Ao completar um ano, a Lei Antifumo entra agora na segunda fase de instalação, de acordo com a Secretaria de Saúde de Curitiba. Segundo o diretor do Centro de Saúde Ambiental, Sezifredo Paz, o primeiro momento de consolidação da norma já foi ultrapassado. “Os proprietários se preocuparam com a lei e os fumantes passaram pela fase inicial de adaptação. Agora, estamos em uma fase de sustentabilidade, pela própria consciência adquirida pela população”, afirma.
Apesar da satisfação com os números, Paz garante que as fiscalizações e orientações seguem ocorrendo. “O resultado é fruto da estratégia. Fizemos trabalho de formação e orientação, mobilizando os segmentos em que haveria impacto. Agora, vamos continuar com essa linha de trabalho”, diz. Ele também ressalta a importância da lei na promoção da saúde, uma das recomendações da Organização Mundial de Saúde (OMS) em razão do risco que o cigarro traz aos cidadãos.
Serviço:
Frequentadores de casas noturnas podem denunciar estabelecimentos que desrespeitam a Lei Antifumo por meio dos telefones 156 ou 0800-6440041.
Garçons já não fumam sete cigarros por noite
Trabalhadores de casas noturnas, bares e restaurantes, como garçons, barmens e promotores, são os maiores beneficiados pela Lei Antifumo.

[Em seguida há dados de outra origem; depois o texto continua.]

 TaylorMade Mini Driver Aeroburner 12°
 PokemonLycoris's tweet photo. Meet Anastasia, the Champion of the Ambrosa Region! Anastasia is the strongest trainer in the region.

De acordo com João Adriano de Barros, professor da Universidade Federal do Paraná e membro das Sociedades Brasileira e Paranaense de Pneumologia e Tisiologia, estudos comprovam que um garçom fumava passivamente sete cigarros por noite antes de a legislação entrar em vigor – é possível medir o nível de nicotina por meio da urina. “Para os indivíduos que ficam muito tempo nesses ambientes, há diminuição da chance de desenvolver bronquite crônica ou enfisema pulmonar”, explica.
Para os frequentadores, o pneumologista esclarece que pessoas com alergias, como asma ou rinite, deixam de ser agredidas pelo cigarro. “Uma parcela considerável da população está nessa situação. Cerca de 10% apresentam asma e 30% rinite”, diz. Barros argumenta que a concentração da fumaça de cigarro nos ambientes também diminui a imunidade, aumentando o desenvolvimento de processos infecciosos, como resfriados e gripes.